Ainsi, toute personne physique ou morale dont l’activité consiste, à titre principal ou accessoire, à collecter, à modérer ou à diffuser des avis en ligne provenant de consommateurs est tenue de délivrer aux utilisateurs une information loyale, claire et transparente sur les modalités de publication et de traitement des avis en ligne.


Les plateformes doivent également préciser si ces avis font l’objet ou non d’un contrôle et, si tel est le cas, elles indiquent les caractéristiques principales du contrôle mis en œuvre.


Elles doivent afficher la date de l’avis et ses éventuelles mises à jour.


Le cas échéant, elles doivent indiquer aux consommateurs dont l’avis en ligne n’a pas été publié les raisons qui justifient son rejet.


Elles sont tenues de mettre en place une fonctionnalité gratuite qui permet aux responsables des produits ou des services faisant l’objet d’un avis en ligne de lui signaler un doute sur l’authenticité de cet avis.


De manière complémentaire, l’article D111-17 du Code de la consommation dispose que les plateformes visées à l’article L.111-7-2 ont l’obligation d’indiquer de manière claire et visible :

1° À proximité des avis :

a) L’existence ou non d’une procédure de contrôle des avis ;

b) La date de publication de chaque avis, ainsi que celle de l’expérience de consommation concernée par l’avis ;

c) Les critères de classement des avis parmi lesquels figure le classement chronologique.

2° Dans une rubrique spécifique facilement accessible :

a) L’existence ou non de contrepartie fournie en échange du dépôt d’avis ;

b) Le délai maximum de publication et de conservation d’un avis.

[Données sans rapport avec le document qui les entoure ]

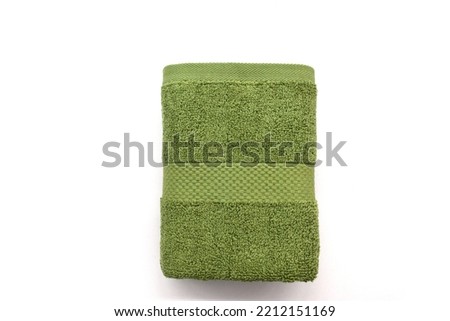 Green Top View Hand | Bath Towel Isolated with White Background Diamond Fancy Absorbent Terry Bath Towel Royalty-Free Stock Photo #2212151169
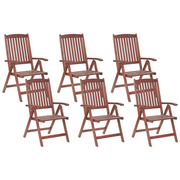 Fotele i krzesła ogrodowe - Beliani Zestaw 6 krzeseł ogrodowych drewnianych TOSCANA - miniaturka - grafika 1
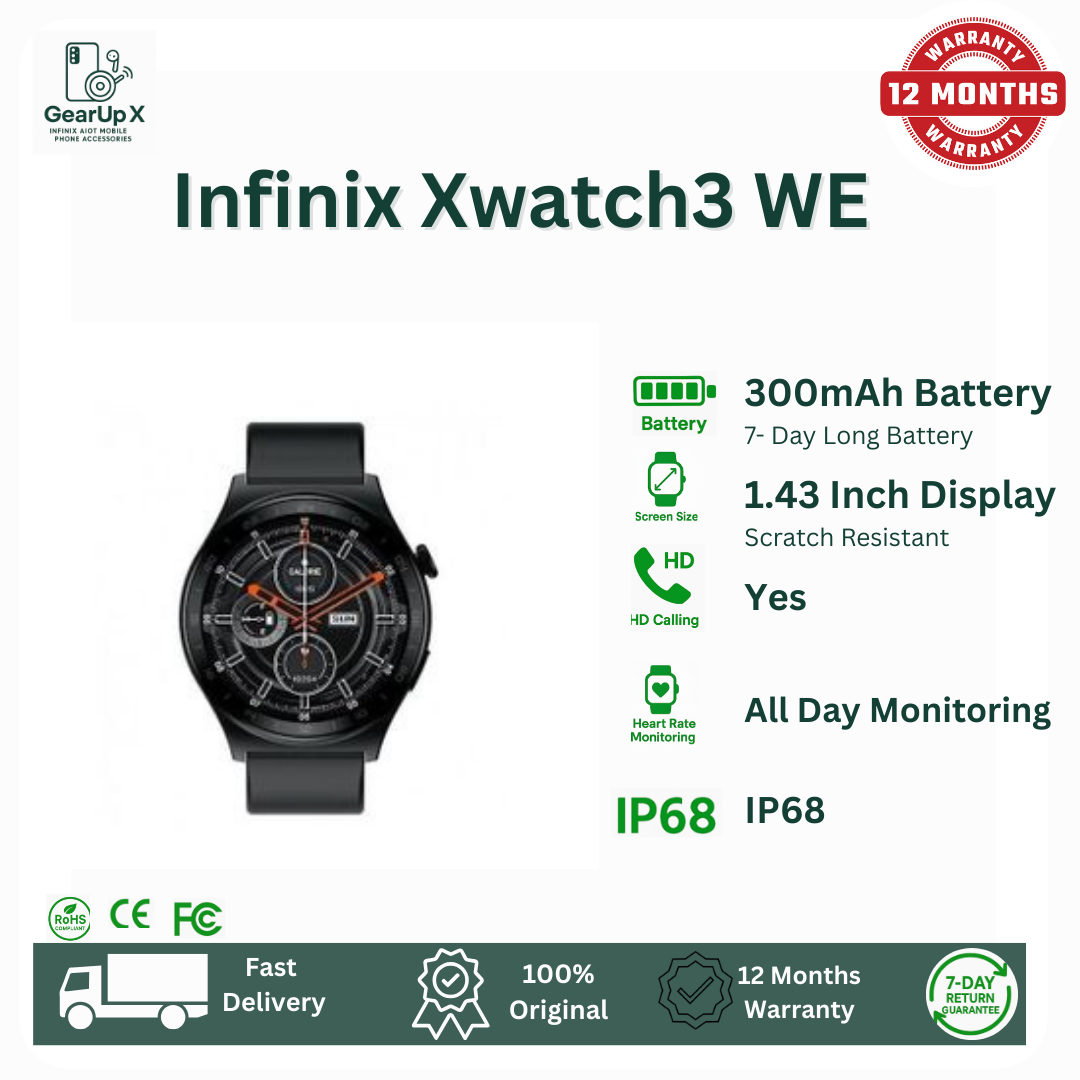 [New Arrival] Infinix Xwatch 3WE 1.43" AMOLED Screen Premium Metal Body Wireless Charge Comprehensive Health Monitoring 200+ Stylish Watch faces IP68 Bluetooth Wireless Smartwatch Headphones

À cet égard, le Tribunal de commerce de Paris a condamné un site internet spécialisé dans la publication d’avis, à supprimer les pages visant une société victime d’une atteinte à sa réputation en raison de l’impossibilité d’identifier les auteurs des avis, leur raison et leur véracité (Tribunal de commerce de Paris, ordonnance de référé du 22 décembre 2021, Mac Assistance Ltd c/ Heretic).


En l’espèce, une entreprise proposant des services de dépannage à distance, notamment des produits de la marque Apple, a découvert la présence d’avis négatifs sur un site internet spécialisé dans l’information et la signalisation d’arnaques.


L’entreprise ciblée par les commentaires négatifs a alors intenté une action en justice afin d’obtenir leur suppression.


Le juge a considéré que le site internet mis en cause est une « plateforme communautaire qui permet aux internautes de signaler des arnaques ou de s’en informer ».


Il note, toutefois, que « si les avis allégués sont datés, les dates de l’expérience de consommation ne sont pas mentionnées », cela ne permet pas à l’entreprise ciblée par les avis négatifs de « répondre précisément aux allégations faute de ne pouvoir identifier ni l’auteur de l’avis, ni la raison de cet avis, ni les fautes éventuelles commises » par cette dernière.


En outre, le juge a considéré qu’il était nécessaire de faire intervenir un modérateur sur les plateformes « qui permettent la publication de textes qui peuvent détruire très rapidement la réputation d’une entreprise sans apporter la moindre preuve ».


Dans ce contexte, le juge a condamné le site internet à supprimer les pages litigieuses.

Il résulte de cette décision que les professionnels et entreprises peuvent faire supprimer plus facilement et efficacement les avis négatifs dont ils sont victimes.


Elle consacre ainsi, un nouveau tournant dans la protection de l’e-réputation des professionnels et des entreprises qui pourront davantage obtenir gain de cause en cas de contentieux judiciaire contre les sites d’avis en ligne.